_Try it_
Any picture in the range stays out of the copy; retype exactly the lines from the one with "Giày Adidas Break Start Premium Low Nam - Xám Giày" to the end of the listing.

──────── Source records

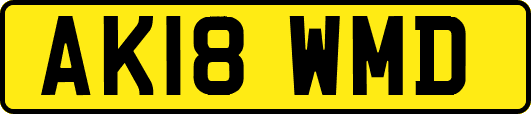 AK18WMD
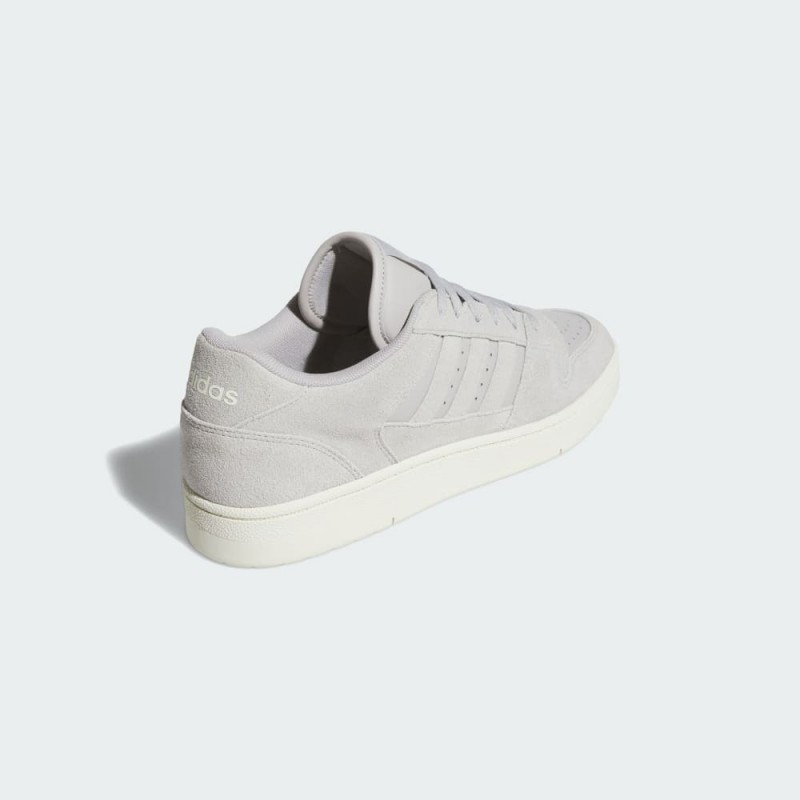 Giày Adidas Break Start Premium Low Nam - Xám Giày Adidas Break Start Premium Low Nam - Xám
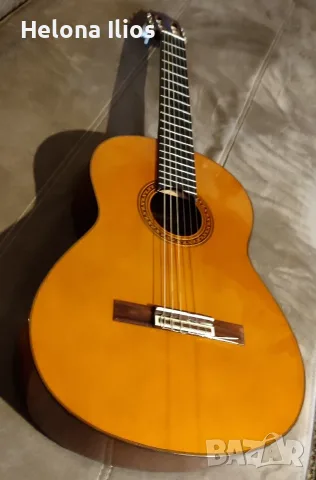 Yamaha CG120A класическа китара СУПЕР цена!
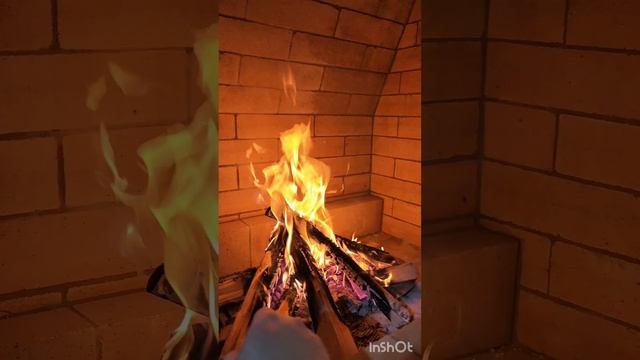 Барбекю из коричневого кирпича смотреть онлайн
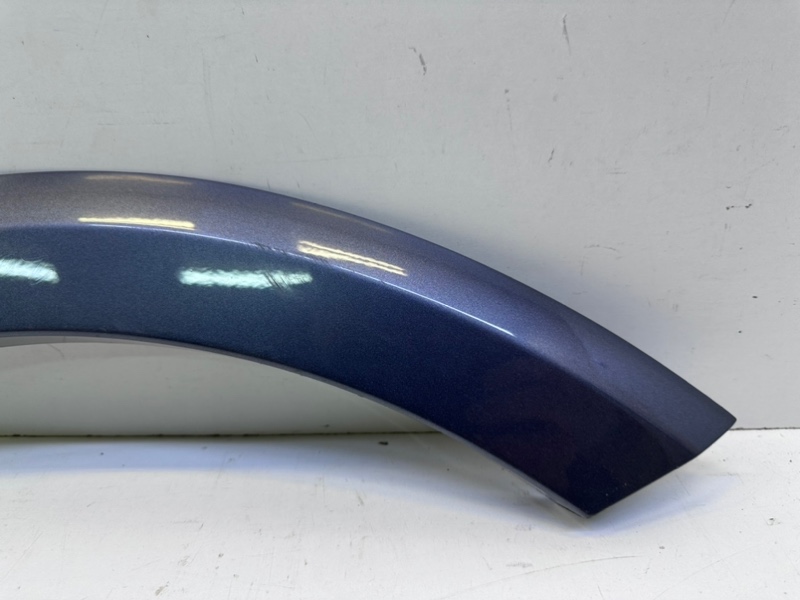 Накладка двери задней левой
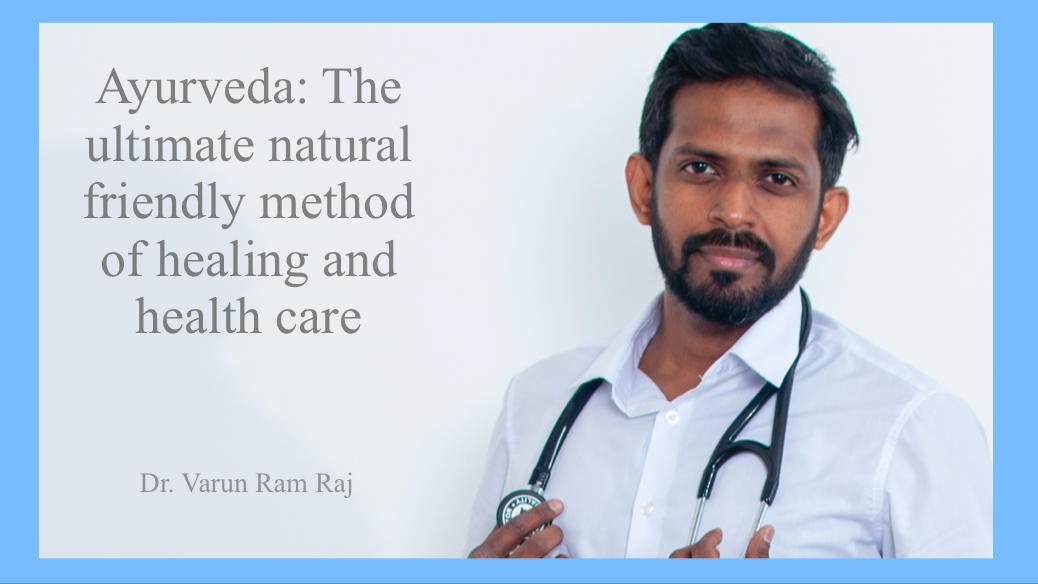 youtube Dr.Varun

────────────────

_Task result_
 Giày Adidas Break Start Premium Low Nam - Xám Giày Adidas Break Start Premium Low Nam - Xám
 Yamaha CG120A класическа китара СУПЕР цена!
 Барбекю из коричневого кирпича смотреть онлайн
 Накладка двери задней левой
 youtube Dr.Varun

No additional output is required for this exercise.